Margaret McCartney: Regulation doesn’t guarantee safetyBMJ 2016; 352 doi: https://doi.org/10.1136/bmj.i96 (Published 18 January 2016) Cite this as: BMJ 2016;352:i96
- Margaret McCartney, general practitioner, Glasgow
The NHS does bad things. A young man with learning disability drowned in a bath while in its care. Subcultures have existed that have ignored cries of pain. The NHS has covered up events leading to deaths rather than being open. The chief inspector of general practice in England, Steve Field, has said that he’s ashamed of his profession and that we haven’t dealt with our failings.1 There are two responses to all of this.
The first is pain, despair, despondency, helplessness—along with responsibility, anger, and sadness. This is often my response, which makes me miserable and distressed and changes nothing. Our systems of regulation encourage a blame-guilt-shame-fear cycle, even though this fails to help and may cause net harm to patients and doctors. Bad doctors, nurses, and other healthcare staff have always existed. Realistically, they always will.

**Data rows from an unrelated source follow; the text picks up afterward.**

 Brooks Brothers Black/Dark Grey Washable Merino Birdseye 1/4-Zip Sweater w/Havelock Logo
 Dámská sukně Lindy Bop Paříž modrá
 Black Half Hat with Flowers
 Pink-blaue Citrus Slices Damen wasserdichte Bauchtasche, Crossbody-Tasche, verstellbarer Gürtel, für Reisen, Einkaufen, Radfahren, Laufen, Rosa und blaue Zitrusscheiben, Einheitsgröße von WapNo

The second response is to consider this a humanitarian, sociological, and anthropological long game. The NHS is the best of moral humanity. It’s staffed by humans who will sometimes behave wonderfully, sometimes not. They make mistakes and often do badly under pressure because they are fallible, tired, overwhelmed, and anxious. Some are almost always marvellous. Some are occasionally or repeatedly unpleasant. A few are truly awful. And half of us are below average. The key is for the system to encourage the best in people while protecting patients from the worst we are capable of either by intention or, far more commonly, through human error.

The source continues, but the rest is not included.